Staying ahead of third-party sanctions risk

In such an era of heightened enforcement, it is imperative that all businesses with potential ties to Russia – however remote – adopt appropriate policies, procedures, and internal controls with the aim of advancing sanctions compliance as a signature operational concern. To the extent an organization’s third-party due diligence program is lacking in any way, organizations should act swiftly to identify those deficiencies now, and devote appropriate resources to remediating them before a sanctions violation arises.

For instance, to the extent a company still relies on periodic manual screening of international sanctions lists to ensure its third-party partners remain compliant, such companies should plan on transitioning to automated screening utilizing a reputable sanctions screening solutions provider. Because sanctions regulations are subject to frequent change, organizations accustomed to more ad hoc, manual screenings are likely to find that their current third-party screening practices are insufficient to meet emerging regulator expectations.  As one recent enforcement action demonstrated, even a modest interval between periodic manual screenings can result in significant violations of sanctions regulations

Because sanctions regulations are subject to frequent change, organizations accustomed to more ad hoc, manual screenings are likely to find that their current third-party screening practices are insufficient to meet emerging regulator expectations.

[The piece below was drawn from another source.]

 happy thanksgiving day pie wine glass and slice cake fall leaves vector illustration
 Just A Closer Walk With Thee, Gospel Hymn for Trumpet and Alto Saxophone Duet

Even companies that have implemented automated sanctions screening should be cognizant that not all sanctions activity is list based. In some instances, international sanctions regulations prohibit companies from engaging in specified conduct. For example, furnishing maritime transportation services, engaging in certain financial transactions, etc. In these circumstances, more in-depth due diligence is required to ensure that the underlying activity itself is not prohibited by law. Companies that lack a protocol for a more in-depth examination of third-party partners for sanctions risk should consider implementing one now. If internal resources are insufficient, the company should consider outsourcing its enhanced due diligence activities to a reputable compliance solutions provider or law firm. While due diligence itself is not an absolute guarantee that a sanctions violation will not occur, companies that can demonstrate a good faith, consistent effort to comply with sanctions regulations are the most likely to benefit from leniency in any criminal, civil, or administrative proceeding.

2023 prediction

As mentioned above, sanctions enforcement activity remains a core priority of DOJ senior leadership. This emphasis is unlikely to shift anytime soon, as the Russian Federation’s Ukraine incursion remains in full force. As a consequence, ethics and compliance professionals are charged with acquainting themselves with the basics of applicable sanctions regulations both domestically and internationally as they pertain to the operations of their respective organizations.

Moving forward, any transactions with even the slightest Russian Federation nexus should be subject to scrutiny. Moreover, as sanctions regulations are subject to frequent change, organizations that lack automated continuous screening of their third-party relationships should intend on devoting resources to that effort now.  More importantly, organizations that lack a process for a more enhanced analysis of the sanctions risk involved in sizable transactions should plan on allocating resources to this effort going forward.